Personal information
- Born: July 30, 1945 (age 81) Ocala, Florida, U.S.
- Listed height: 6 ft 2 in (1.88 m)
- Listed weight: 220 lb (100 kg)

Career information
- High school: Howard (Ocala)
- College: Florida A&M (1964-1967)
- NFL draft: 1968: 9th round, 244th overall pick

Career history

Playing
- Oakland Raiders (1968); Spokane Shockers (1968); BC Lions (1969); Buffalo Bills (1970)*; Montreal Alouettes (1972);
- * Offseason or practice squad member only

Operations
- Florida A&M (2017–2019) Athletic director;
- Stats at Pro Football Reference

= John Eason =

American football wide receiver (born 1945)

John Eason (born July 30, 1945) is an American former professional football player who was a wide receiver in the American Football League (AFL) and Canadian Football League (CFL). He graduated from Howard High School, a segregated high school in Ocala, Florida, in 1963. He played for the Oakland Raiders in 1968, the BC Lions in 1969 and for the Montreal Alouettes in 1972. He was the athletic director of Florida A&M University from 2017 to 2019. Eason earned bachelor's and master's degrees at FAMU and a Ph.D. in educational administration From Florida State University in 1987.

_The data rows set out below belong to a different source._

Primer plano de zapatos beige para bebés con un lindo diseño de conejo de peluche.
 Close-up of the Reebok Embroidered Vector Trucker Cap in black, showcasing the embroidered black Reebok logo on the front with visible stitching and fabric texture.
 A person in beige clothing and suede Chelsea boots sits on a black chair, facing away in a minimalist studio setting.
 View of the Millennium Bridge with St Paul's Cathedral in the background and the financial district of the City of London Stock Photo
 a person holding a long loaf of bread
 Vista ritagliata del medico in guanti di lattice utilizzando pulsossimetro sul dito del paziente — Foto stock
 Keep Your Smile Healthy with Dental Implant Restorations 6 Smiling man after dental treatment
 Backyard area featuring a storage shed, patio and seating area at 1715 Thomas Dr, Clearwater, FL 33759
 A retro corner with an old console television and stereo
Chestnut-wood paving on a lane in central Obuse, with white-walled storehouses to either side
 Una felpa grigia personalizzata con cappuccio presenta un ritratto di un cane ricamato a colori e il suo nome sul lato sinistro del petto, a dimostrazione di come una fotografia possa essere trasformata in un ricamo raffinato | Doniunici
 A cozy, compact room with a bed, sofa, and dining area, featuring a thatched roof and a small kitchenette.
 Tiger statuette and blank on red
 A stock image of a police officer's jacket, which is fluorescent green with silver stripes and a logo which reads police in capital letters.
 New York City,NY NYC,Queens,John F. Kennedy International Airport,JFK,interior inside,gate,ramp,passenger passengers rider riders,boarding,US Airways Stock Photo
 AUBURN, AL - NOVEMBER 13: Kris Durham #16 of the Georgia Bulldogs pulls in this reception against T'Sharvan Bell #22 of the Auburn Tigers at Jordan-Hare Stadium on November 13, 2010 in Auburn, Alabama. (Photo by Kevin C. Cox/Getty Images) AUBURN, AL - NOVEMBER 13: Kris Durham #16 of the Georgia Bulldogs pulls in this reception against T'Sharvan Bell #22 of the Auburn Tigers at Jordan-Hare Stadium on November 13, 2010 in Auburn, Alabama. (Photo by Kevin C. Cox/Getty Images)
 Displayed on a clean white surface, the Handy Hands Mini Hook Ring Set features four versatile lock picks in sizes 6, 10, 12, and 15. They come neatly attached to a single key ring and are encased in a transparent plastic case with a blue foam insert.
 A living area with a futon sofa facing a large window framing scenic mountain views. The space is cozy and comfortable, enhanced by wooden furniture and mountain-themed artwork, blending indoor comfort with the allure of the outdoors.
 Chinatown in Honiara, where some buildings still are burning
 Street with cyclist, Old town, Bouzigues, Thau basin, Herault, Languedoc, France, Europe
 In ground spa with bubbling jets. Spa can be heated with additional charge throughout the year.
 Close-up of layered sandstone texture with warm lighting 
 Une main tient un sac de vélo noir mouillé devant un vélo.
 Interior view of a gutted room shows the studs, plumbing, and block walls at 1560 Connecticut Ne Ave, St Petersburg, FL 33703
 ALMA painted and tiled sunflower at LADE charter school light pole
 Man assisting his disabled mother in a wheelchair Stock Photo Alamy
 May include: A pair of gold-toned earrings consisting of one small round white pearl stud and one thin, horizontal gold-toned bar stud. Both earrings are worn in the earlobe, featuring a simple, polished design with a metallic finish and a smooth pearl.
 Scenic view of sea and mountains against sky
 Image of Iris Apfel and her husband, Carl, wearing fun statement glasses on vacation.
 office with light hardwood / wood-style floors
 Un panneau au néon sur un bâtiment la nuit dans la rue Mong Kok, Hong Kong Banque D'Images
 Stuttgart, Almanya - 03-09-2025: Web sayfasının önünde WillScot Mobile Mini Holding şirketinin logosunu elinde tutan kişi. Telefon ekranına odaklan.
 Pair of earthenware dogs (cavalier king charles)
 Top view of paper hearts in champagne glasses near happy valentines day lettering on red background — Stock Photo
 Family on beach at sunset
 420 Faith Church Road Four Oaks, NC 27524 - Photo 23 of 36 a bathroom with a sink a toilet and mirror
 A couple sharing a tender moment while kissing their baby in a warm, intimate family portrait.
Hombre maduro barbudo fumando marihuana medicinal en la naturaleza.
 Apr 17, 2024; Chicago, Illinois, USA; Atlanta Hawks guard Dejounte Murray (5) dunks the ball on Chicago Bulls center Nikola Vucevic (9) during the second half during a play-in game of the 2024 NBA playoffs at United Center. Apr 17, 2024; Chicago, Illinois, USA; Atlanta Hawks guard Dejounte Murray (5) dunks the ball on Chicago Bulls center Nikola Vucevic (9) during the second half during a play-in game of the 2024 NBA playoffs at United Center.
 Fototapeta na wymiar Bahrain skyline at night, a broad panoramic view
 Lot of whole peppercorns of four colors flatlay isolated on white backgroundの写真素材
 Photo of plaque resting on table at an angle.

From 1981 to 1994, Eason coached at FSU, as well as earning a Ph.D. and serving as assistant athletic director for academic and student affairs. From 1995 to 1998, he was offensive coordinator and wide receivers coach at the University of South Carolina. From 1999 to 2000 he worked as an assistant professor in the Department of Human Service and Wellness at the University of Central Florida. In 2001 he joined Mark Richt at the University of Georgia as wide receivers coach and assistant head coach. From 2005 to 2008 he was associate head coach at UGA before becoming director of football operations in 2009, then director of player development in 2010.